The University of Iowa

UI professor to teach and conduct research in India as a Fulbright scholar

February 21st, 2020

Anita Jung, assistant professor in the School of Art and Art History, poses for a photo in the University of Iowa Visual Arts Building 

The University of Iowa is thrilled to announce that Anita Jung, assistant professor in the School of Art and Art History at the University of Iowa, has been selected as a Fulbright Scholar to India for the 2020-21 academic year.

Jung is one of more than 800 U.S. citizens who will teach, conduct research, or provide expertise abroad for the 2020-2021 academic year through the Fulbright U.S. Scholar Program.
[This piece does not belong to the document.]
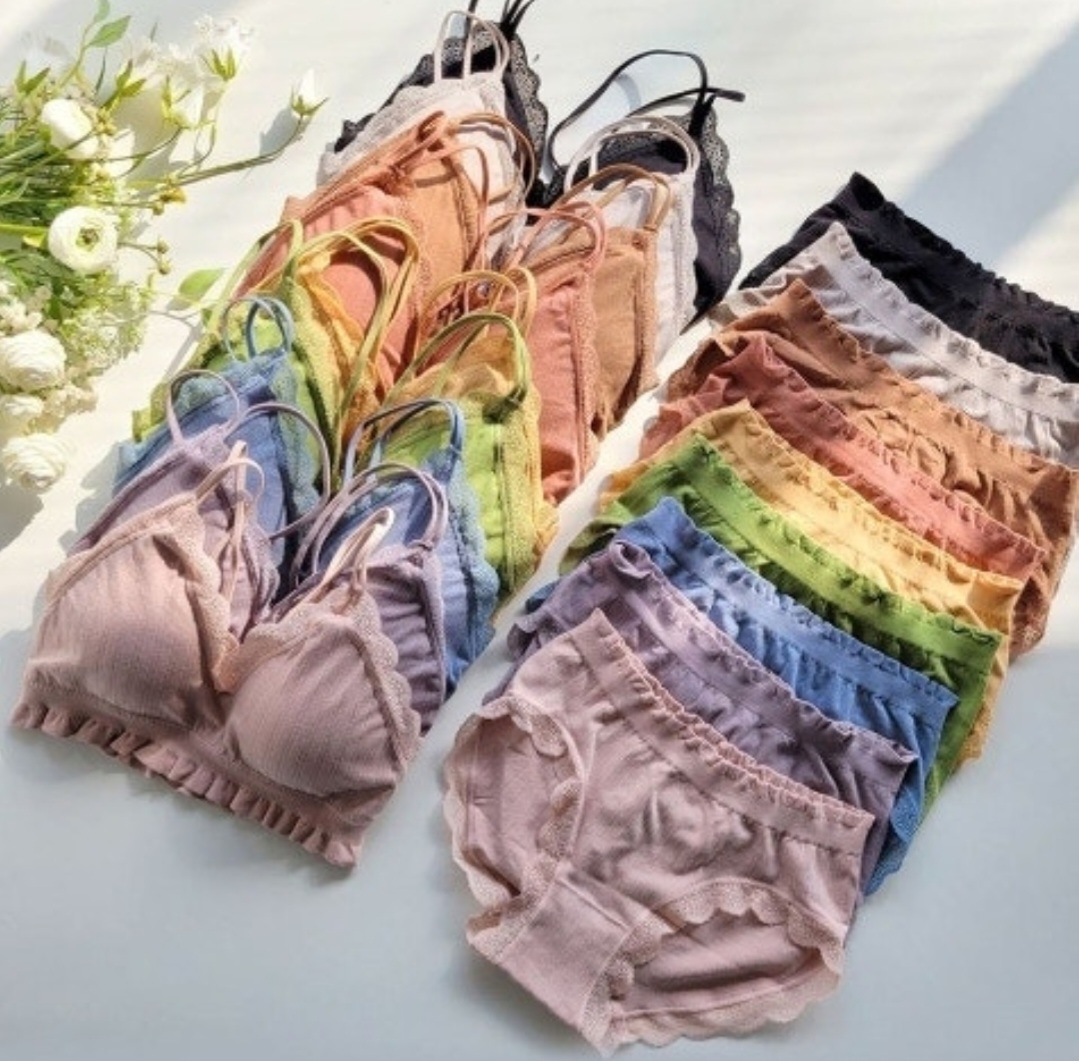 カップレースフリルブラジャー&ショーツSET | 詳細画像6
Recipients of Fulbright awards are selected based on academic and professional achievement as well as a record of service and demonstrated leadership in their respective fields.

“Since 2006, I have taken short trips to India, four times with students on the winter program to Delhi, Jaipur, Agra, and Tamil Nadu, and two independent trips to Baroda, Delhi, Kolkata, and Santiniketan,” said Jung. “India has been a tremendous influence on my thinking and it has deeply affected my creative practice.”

“India has been a tremendous influence on my thinking and it has deeply affected my creative practice.”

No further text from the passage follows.